Lucas and her players are trying to change both of those patterns. First is getting noticed within the school's walls.
"It's obnoxious," junior pitcher Jaclyn Sandilla said about the attention football gets over almost every other sport at Hobart. "Not many people pay attention."
Senior shortstop Abby Adams added, "We try to get some support."
Maybe the key is developing an attitude.
Before a stretch of three games in three days and against three very good teams this week - that turned out to be two games because Friday's tilt at Andrean was postponed until Monday - Adams had a declaration about the first of those games versus Highland.
"We're going to whoop 'em," she said while thumping her chest.
You see, last year the Brickies lost to the Trojans in 13 innings. That game was hard to swallow for Lucas and the players, including Adams, whose bulletin-board-material declaration was a premonition.
Hobart scored twice in the first inning and three times in the fourth inning on its way to a 6-2 victory, and Adams went 2-for-4 with a RBI and run scored to back up her proclamation.
But it takes more than attitude to turn around a program that hasn't won a sectional title in 1988.
"It's kind of hard," Lucas said. "Sometimes I feel like (the players) are content with way we play. It helps having young players the last two years."

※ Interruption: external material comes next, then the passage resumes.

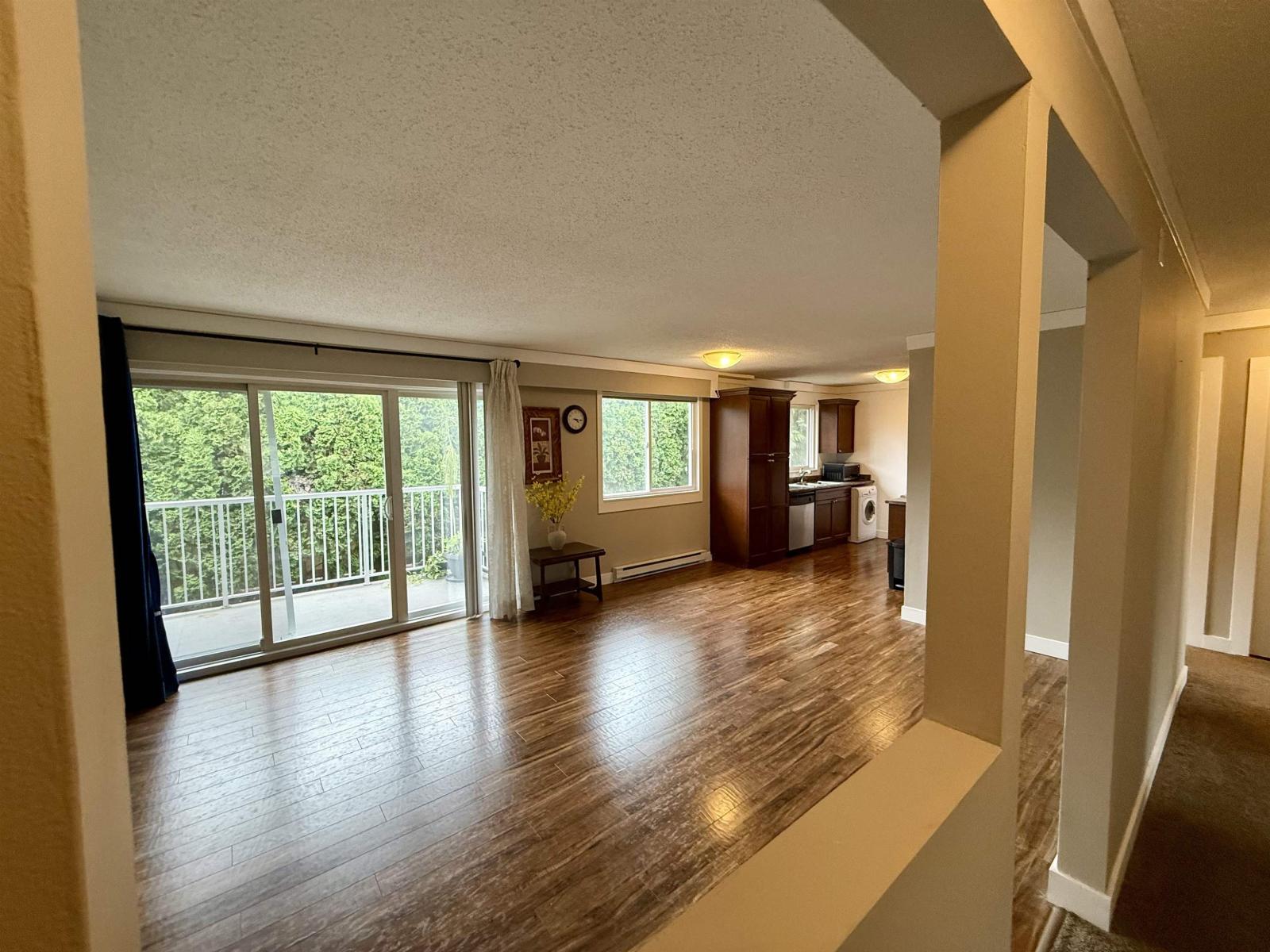 8 33900 Mayfair Avenue, Abbotsford, British Columbia  V2S 1R2 - Photo 2 - R3140726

Adams is the only senior starter, and she attested to the slow climb of improvement.
"My freshman year, we weren't too bad," said Adams, who has a .375 batting average through seven games. "The pride hasn't been there (since then) and it's been downhill. But I feel we bond so much better this year. There aren't any cliques like in the past."

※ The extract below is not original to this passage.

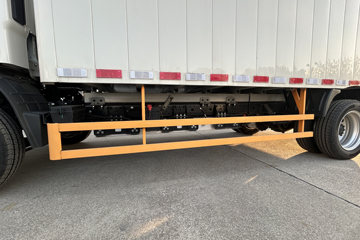 ����E˳�� 2025�� ���綯 4X2 Һɲ 4.2�׵�����ʽ�Ῠ ʱ���°�63.75kWhͼƬ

The slow climb started in the summer when the Brickies played in a summer league (at South Central) for the first time. Lucas also started the girls on conditioning much earlier and had open gym - more like open field - in the fall.
Having a new school and new athletic complex that puts plenty of other schools to shame is also a boost. Hobart had played its softball games at the Hobart Girls Softball Little League complex just east of downtown. Now there are two fields behind the school, though they're still in the shadow of the football stadium with reminders of the state titles and runner-upfinishes painted in the shape of Indiana staring down at the softball fields.
"It does help the girls have a little more pride in the program," Lucas said of the new fields.
"We're still working on building their confidence more and getting them to believe we can compete with the better programs."
So far this season the record doesn't accurately reflect the Brickies' improvement. After a 6-20 record last season, Hobart is 2-6 after beating Highland and losing 2-0 to Wheeler on Thursday.
The Brickies defeated defending sectional champion LaPorte for their other win, and have lost close games to good teams in Griffith (5-3 after leading 2-0 late) and Kankakee Valley (1-0).
"We have a lot of good, young players," said Sandilla, who has 40 strikeouts in 44 innings.
And the confidence is much higher among all the players.
"It's like we've been the team other teams like Griffith, KV, Michigan City, Crown Point and Portage feel like they should beat easily," Adams said. "But we're confident we can keep up with them (now) and we can win.
"It's not the same Hobart team it used to be."